**Exercise goal:**
Omitting the pictures, restate all of the entries below exactly.

=====

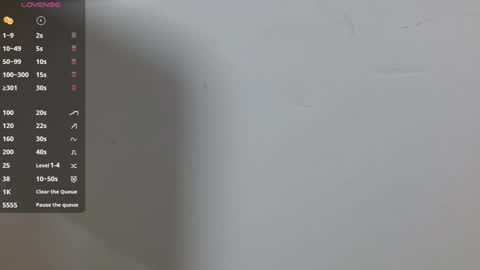 Luna and Rick online show from December 20, 2025, 7:10 pm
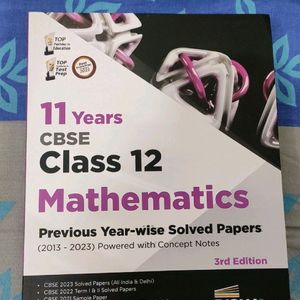 Books For 12 Board Exams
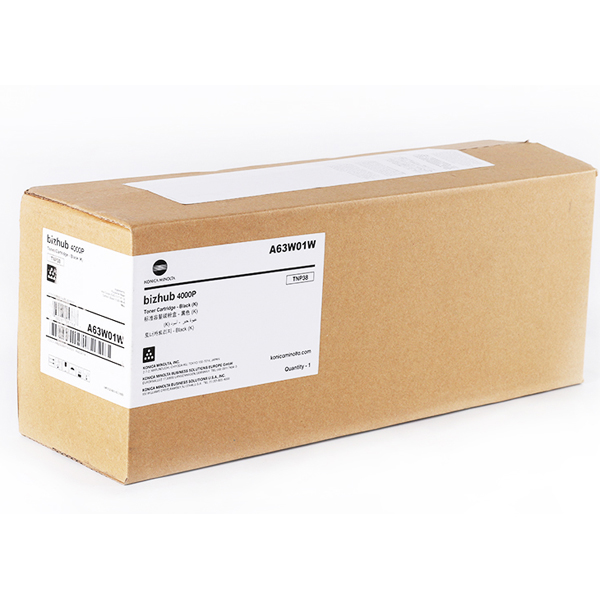 Toner konicaminolta tnp-38 per bizhub 4000p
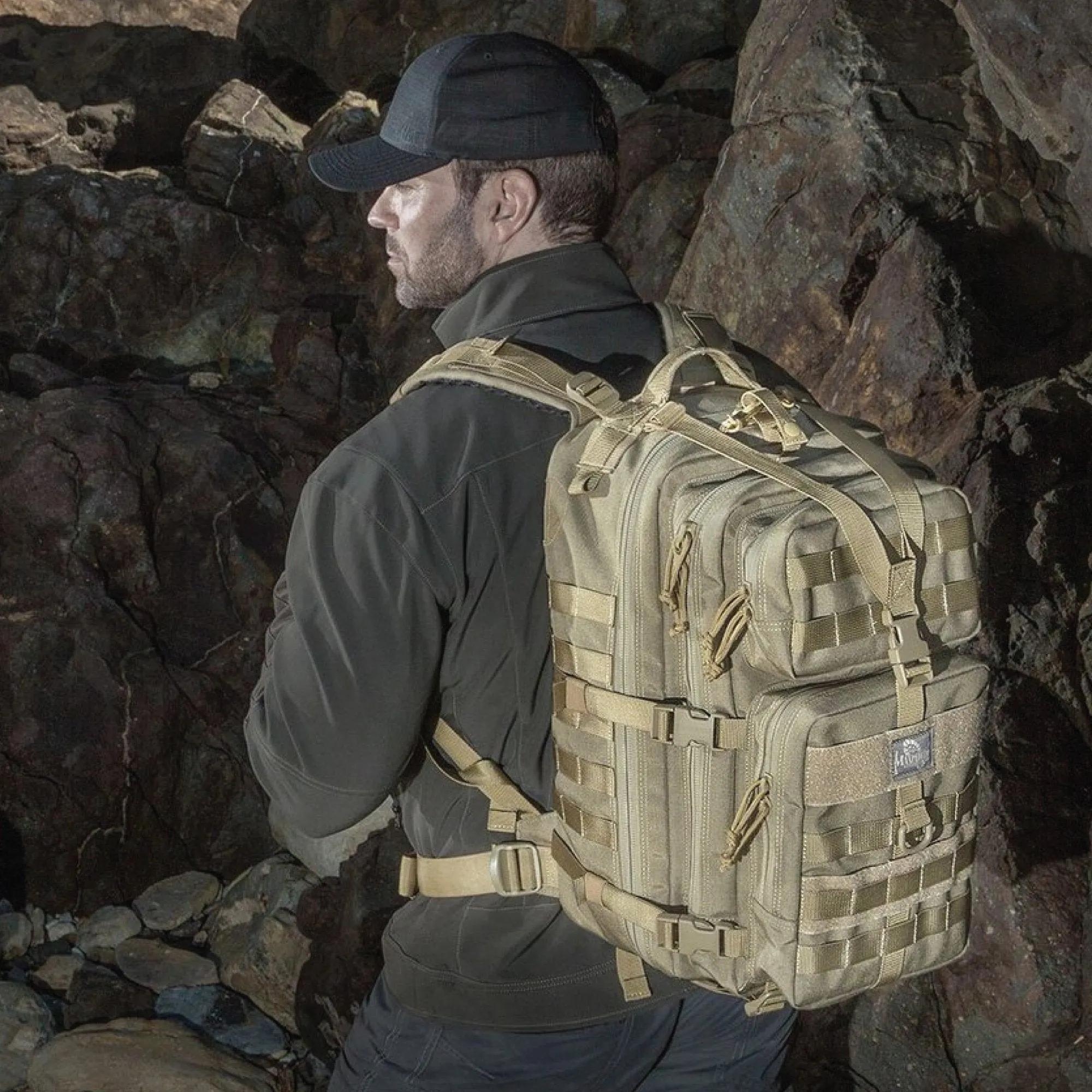 Maxpedition Falcon-III 35-Liter Backpack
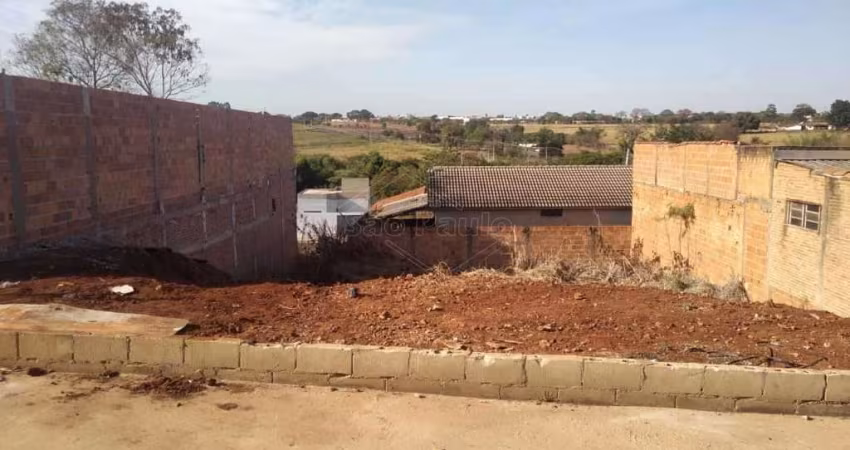 Terreno à venda no Jardim Universal, Araraquara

=====

**Exercise solution:**
 Luna and Rick online show from December 20, 2025, 7:10 pm
 Books For 12 Board Exams
 Toner konicaminolta tnp-38 per bizhub 4000p
 Maxpedition Falcon-III 35-Liter Backpack
 Terreno à venda no Jardim Universal, Araraquara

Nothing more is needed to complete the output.